Published July 31, 2018 by Tom Porter

Bowdoin Effort Earns Top Award at International Computer Science Conference

The paper, coauthored by Professor Mohammad Irfan and one of his former students, models and predicts congressional voting patterns using computational game theory.
Professor Mohammad Irfan with Gita Sukthankar and Mehdi Dastani
Professor Mohammad Irfan, in the middle, receives the Best Paper Award from AAMAS Program Chairs Gita Sukthankar (L) and Mehdi Dastani (R).

A research paper coauthored by a Bowdoin professor and one of his former students has earned the top spot at a recent computer science conference in Sweden. The paper employs computational game theory to model and predict congressional voting patterns. It was written by Assistant Professor of Digital and Computational Studies and Computer Science Mohammad Irfan and Tucker Gordon ’17, who now works as a data scientist at the technology consulting firm Booz Allen Hamilton.

The study, which grew out of Gordon’s honors project, won the best paper award at the 17th International Conference on Autonomous Agents and Multiagent Systems (AAMAS) in Stockholm, one of the premier, peer-reviewed conferences in this particular field of artificial intelligence (AI), said Irfan. “I learned that close to 600 papers were reviewed this year and the top 25 percent were accepted by the conference as full papers. Each paper gets three double-blind reviews,” he said,  “so just getting it accepted in such a competitive environment was a big deal. To get the ultimate award was simply incredible.”

Irfan, who traveled to Stockholm to present the paper, said the achievement is a testament to the type of students he encounters at Bowdoin. “Even as undergraduates,” he said, “they are mature and competent enough to perform extremely high-quality research.” The paper that Irfan and Gordon authored—”The Power of Context in Networks: Ideal Point Models with Social Interactions”—models strategic behaviors in a social network while considering the underlying behavioral context in the congressional setting. This enables a more accurate voting prediction than previous models by utilizing some contextual information.
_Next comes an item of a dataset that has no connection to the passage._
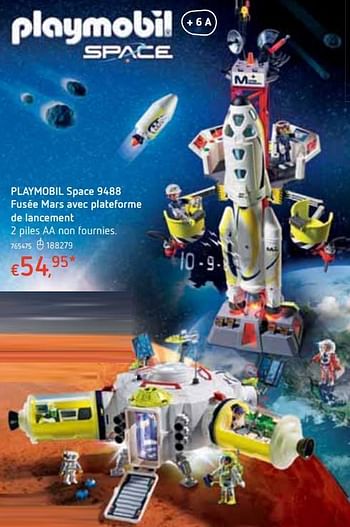 Promotions Playmobil space 9488 fusée mars avec plateforme de lancement - Playmobil - Valide de 18/10/2018 à 06/12/2018 chez Dreamland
To quote from the paper itself: “The challenges in modeling and predicting how legislators vote come in identifying patterns in data, constructing models of voting behavior, and using these models to make predictions on future votes.” The study goes on to say: “a model of legislative voting behavior should take into account a senator’s legislative position, the characteristics of the bills, and the network of influence among the senators.” 

“At a technical level,” said Irfan, “the paper uses game theory, machine learning, and AI search techniques.” Furthermore, he believes the political science aspect of the paper made it stand out among the others, which tended to be focused purely on the subject of computer science. “This was only possible because a liberal arts student with multidisciplinary knowledge was involved in this research,” he added.